_Raw data:_
_ _ _

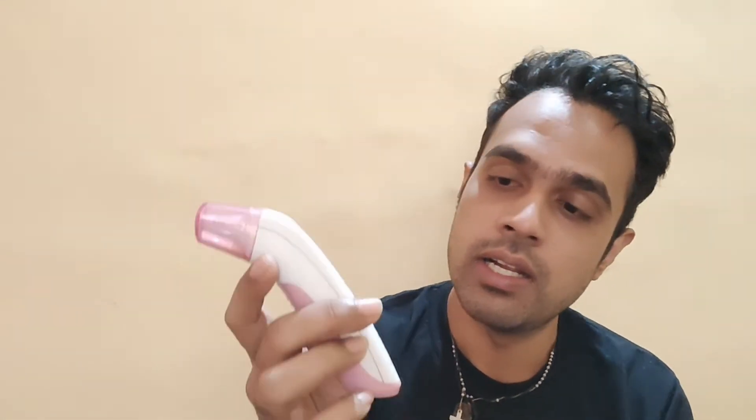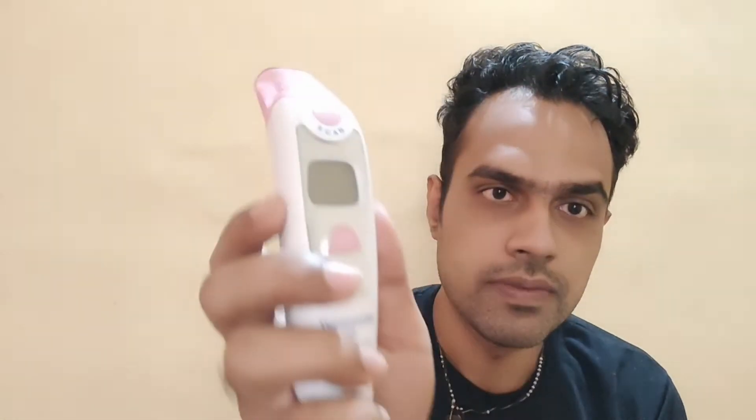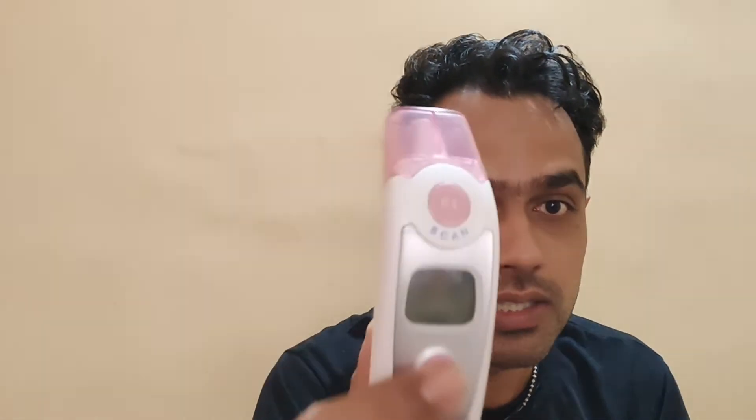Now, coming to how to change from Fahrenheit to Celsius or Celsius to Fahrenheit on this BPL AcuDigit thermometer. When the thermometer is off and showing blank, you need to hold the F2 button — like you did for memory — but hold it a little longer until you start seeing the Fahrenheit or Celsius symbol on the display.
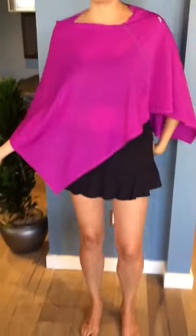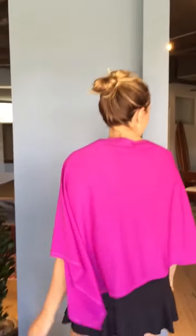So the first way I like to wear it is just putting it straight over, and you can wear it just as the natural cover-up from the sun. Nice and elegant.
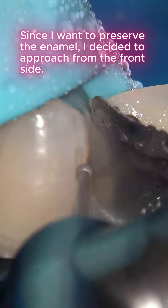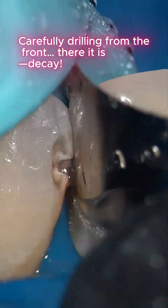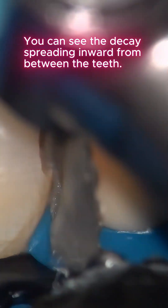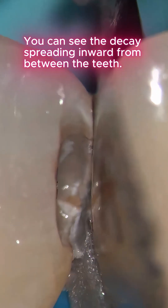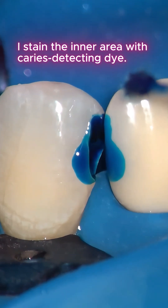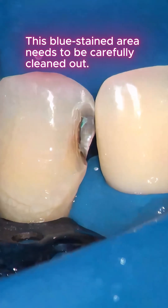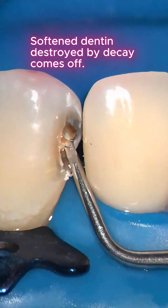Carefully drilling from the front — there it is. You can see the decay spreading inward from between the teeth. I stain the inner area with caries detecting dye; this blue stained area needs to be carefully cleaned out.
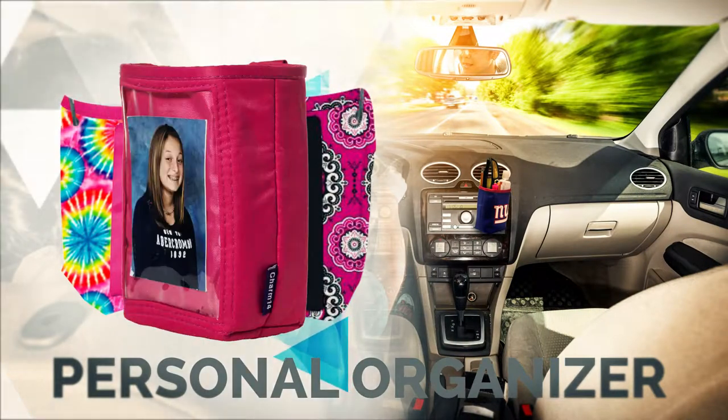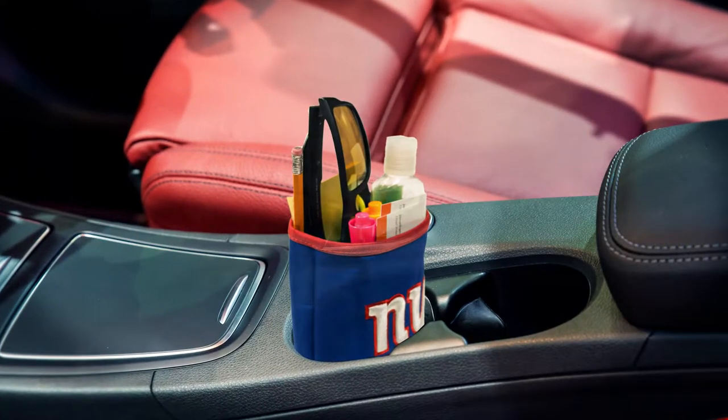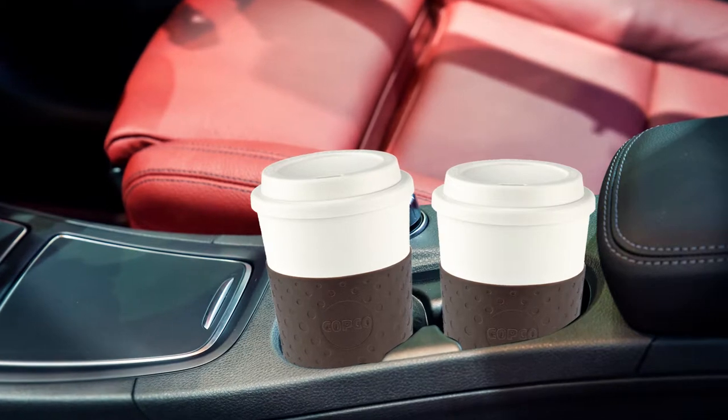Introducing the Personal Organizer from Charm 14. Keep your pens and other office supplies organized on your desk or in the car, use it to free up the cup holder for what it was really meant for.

_ _ _

_Exercise instructions:_ All the lines above should be reproduced exactly, and none of the pictures.

_Answer for this exercise:_
Now, coming to how to change from Fahrenheit to Celsius or Celsius to Fahrenheit on this BPL AcuDigit thermometer. When the thermometer is off and showing blank, you need to hold the F2 button — like you did for memory — but hold it a little longer until you start seeing the Fahrenheit or Celsius symbol on the display.
So the first way I like to wear it is just putting it straight over, and you can wear it just as the natural cover-up from the sun. Nice and elegant.
Carefully drilling from the front — there it is. You can see the decay spreading inward from between the teeth. I stain the inner area with caries detecting dye; this blue stained area needs to be carefully cleaned out.
Introducing the Personal Organizer from Charm 14. Keep your pens and other office supplies organized on your desk or in the car, use it to free up the cup holder for what it was really meant for.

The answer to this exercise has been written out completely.